Lead Iranian nuclear envoy Ali Larijani spoke to reporters on the eve of talks with EU foreign policy chief Javier Solana in Madrid.  With U.S. backing, the European Union has been seeking talks to resolve the Iranian nuclear crisis, but the Western nations and the U.N. Security Council have demanded that Tehran freeze its sensitive nuclear activities before beginning those negotiations.

“Suspension is not the right solution for solving Iran's nuclear issue,” Larijani said.  “Past experiences have shown that suspension is not acceptable, at all.”

He said Iran would cooperate with the International Atomic Energy Agency to demonstrate that its nuclear program was peaceful, but repeated that “if Iran is supposed to suspend its nuclear activities, there will be no issue for talks” (Nasser Karimi, Associated Press I/San Diego Union-Tribune, May 30).

IAEA Director General Mohamed ElBaradei recently triggered protests from Western nations when he made comments suggesting that Iranian technical advances may have made the Western negotiating stance obsolete (see GSN, May 25).

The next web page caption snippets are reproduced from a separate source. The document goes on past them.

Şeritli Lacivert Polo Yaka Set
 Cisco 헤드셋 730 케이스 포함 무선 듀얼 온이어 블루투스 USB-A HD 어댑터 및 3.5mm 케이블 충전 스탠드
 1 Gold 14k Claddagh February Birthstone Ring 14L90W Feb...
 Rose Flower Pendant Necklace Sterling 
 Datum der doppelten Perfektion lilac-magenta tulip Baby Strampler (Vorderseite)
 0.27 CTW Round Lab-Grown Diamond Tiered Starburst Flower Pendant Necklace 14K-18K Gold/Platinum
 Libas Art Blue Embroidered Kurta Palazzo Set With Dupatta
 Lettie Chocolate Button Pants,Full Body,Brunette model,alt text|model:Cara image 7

However, U.S. Secretary of State Condoleezza Rice said yesterday that the U.S. position remains the same.

“We are firm about the need to suspend, we are firm about the need to continue to increase the pressure and we're firm that should Iran make a different choice we are prepared to go that way as well,” Rice told reporters in Berlin.

Changing that position “would be a very big mistake,” she added.

For ElBaradei, she counseled his silence.

“The IAEA is not an agency that is in negotiation with the Iranians,” Rice said while noting that the five permanent Security Council members plus Germany have taken the diplomatic lead.  “I just think it's appropriate for those six states to determine what the diplomatic course ought to be” (Anne Gearan, Associated Press II/Washington Post, May 29).